Лекционный курс по истории (1018906), страница 19
Текст из файла (страница 19)
Оппонентом Радищева выступил сам Пушкин: у него есть наброски незаконченного произведения, названного, в противоположность Радищевскому, «Путешествием из Москвы в Петербург» (1833–35), где он пишет: «Взгляните на русского крестьянина: есть ли и тень рабского уничижения в его поступи и речи? О его смелости и смышлености и говорить нечего. Переимчивость его известна. Проворство и ловкость удивительны. Путешественник ездит из края в край по России, не зная ни одного слова по-русски, и везде его понимают, исполняют его требования, заключают с ним условия. <…> В России нет человека, который бы не имел своего собственного жилища. Нищий, уходя скитаться по миру, оставляет свою избу. <…> не иметь коровы есть знак ужасной бедности. Наш крестьянин опрятен по привычке и по правилу: каждую субботу ходит он в баню; умывается по нескольку раз в день».

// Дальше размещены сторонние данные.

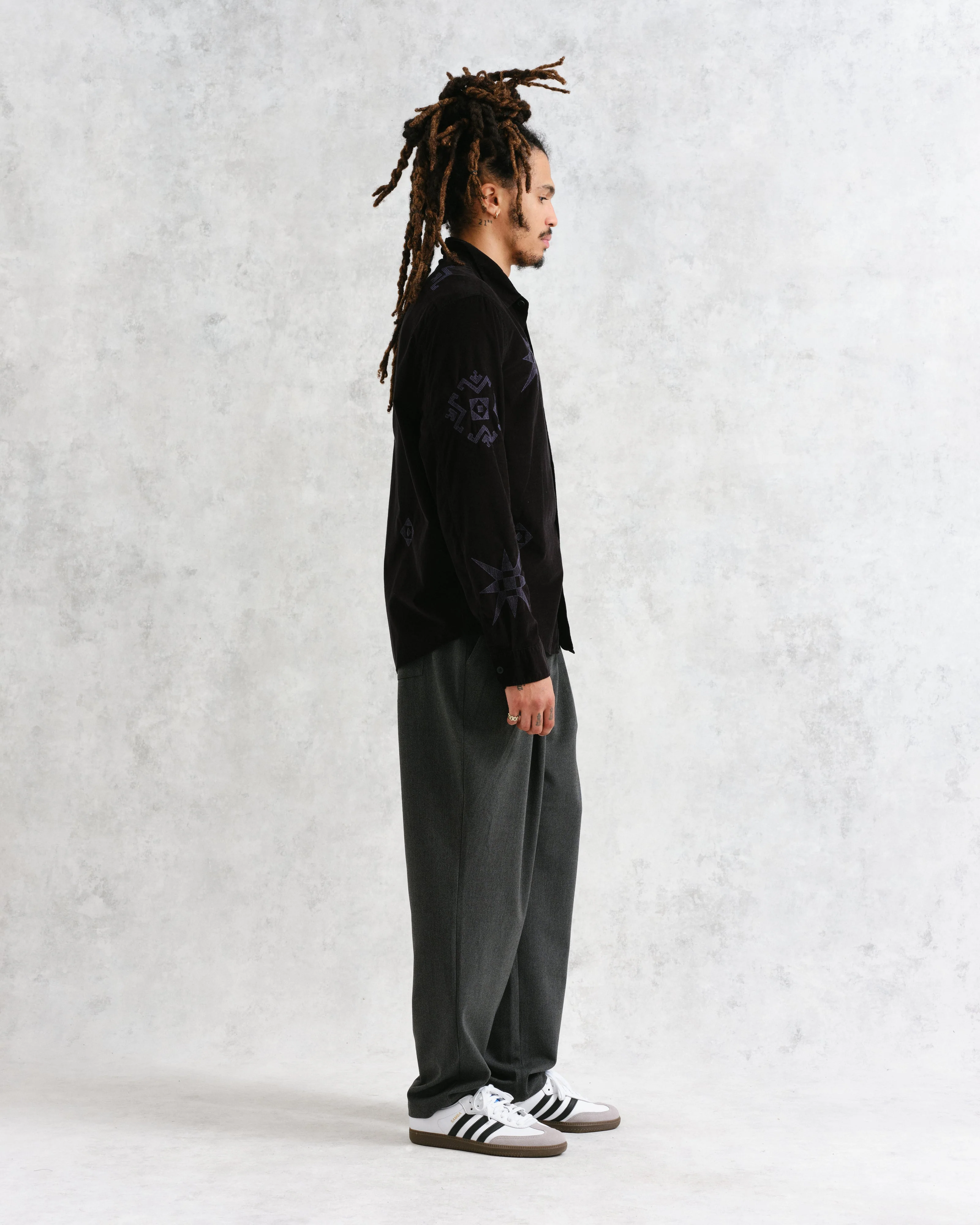 Trin - Black Geometrical Embroidered Corduroy Shirt - Image 5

А.Т. Болотов. Иной пример отношения к жизни и общественной деятельности дает судьба А.Т. Болотова (1738 – 1833). По разносторонности знаний и сфер деятельности его можно сравнить с Ломоносовым, он был военным (участвовал в Семилетней войне), ученым-агрономом (выращивал и распространял картофель, выводил новые сорта культур), химиком, физиком, биологом, медиком, фармацевтом, создателем пейзажного парка, художником, поэтом, педагогом, журналистом. Он мог выйти в число знатнейших вельмож государства: Григорий Орлов, руководитель переворота, возведшего на престол Екатерину II, был его приятелем. Но Болотов ушел в отставку и покинул столицу в самый день мятежа, считая его недопустимым, безбожным делом.
Продолжая традицию завещаний своим детям, А.Т. Болотов написал «Жизнь и приключения Андрея Болотова, описанные им самим для своих потомков». Девиз его жизни можно сформулировать так: «Если Бог за нас, то кто против нас?» Вот лишь два эпизода из его воспоминаний.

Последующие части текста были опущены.